If you’re a student in Singapore wanting to work at a large bank, your path to clinching a job may be difficult, but it is at least clearly marked out: get good grades on a relevant university course and do multiple internships, one of which leads to a place on a graduate training programme.
If you want to work for a fintech startup, however, clinching a role straight out of university is more of a lottery. Singapore’s fintech sector may be growing rapidly, but most of the firms in it have small headcounts and hire one or two grads a year at best. They're junior hiring is typically ad hoc and doesn't follow a formal calendar like banks’ grad recruitment does.

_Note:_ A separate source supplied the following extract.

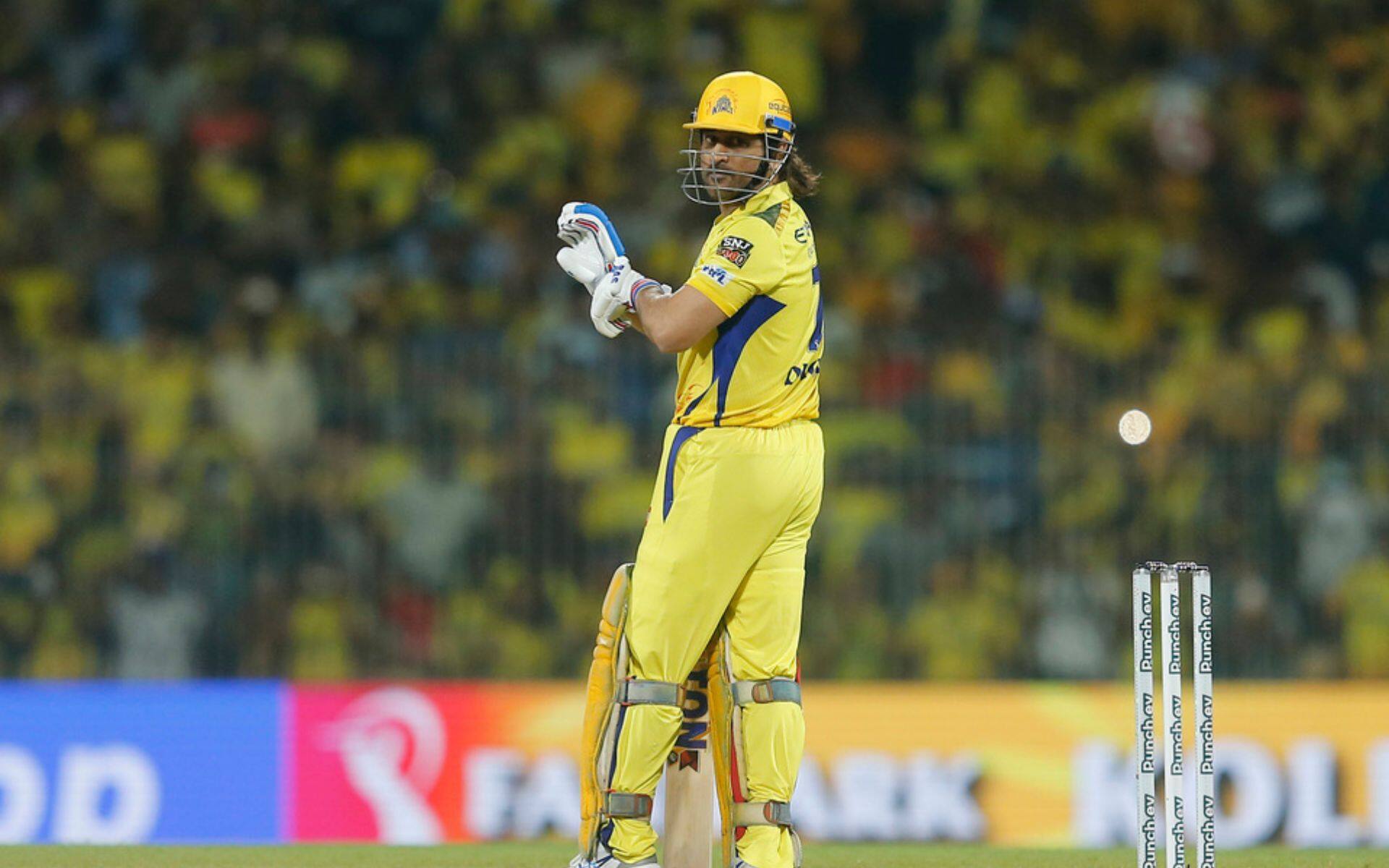 MS Dhoni playing a shot in IPL 2024 [Ap Photos]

Fortunately, if you’re a student at NUS, there’s a new way of getting fintech expertise on your CV that could potentially help you stand out from the crowd of 20-somethings clamouring to work at startups.
NUS’s School of Computing has partnered with blockchain-powered global payments firm Ripple to launch a fintech lab.
Bank-run fintech labs are nothing new in Singapore (HSBC, Standard Chartered and OCBC are among the firms that operate them), but the Ripple-NUS unit is partly targetted at students. Over the next year it plans to expose about 1,000 students and finance professionals to fintech through various courses and programmes. As well as developing in-house fintech projects, the lab will “prepare students for the career opportunities brought about by continued technological advancements in finance”, Eric van Miltenburg, SVP of global operations at Ripple, said in a NUS statement.
The implication, therefore, is that you don’t necessarily need to be a computer science student to take a fintech programme at the new lab. People studying business degrees, for example, could enrol on a course and add it to their resume when applying for a front-office (non-coding) job at a fintech.
NUS hasn’t revealed details of the courses, but it says students can also use the lab to “showcase their innovative work”. The main career benefit of the lab for students, however, may not be the new skills they learn, but the new people they meet. The lab is led by an “industry liaison group”, which includes representatives from financial institutions and government agencies. “It’s highly likely that students will be able to meet people from fintech firms at the lab – people than could end up hiring them,” says a Singaporean recruiter who works with fintechs.
It’s also likely that they will meet people from lab partner Ripple, which is good news because the San Francisco-based firm is hiring in Singapore, albeit on a small scale. Ripple is doubling its headcount in the Republic from 12 to 24 this year, according to the Business Times. It currently has two local vacancies on its careers site – for an operations engineer and a marketing manager.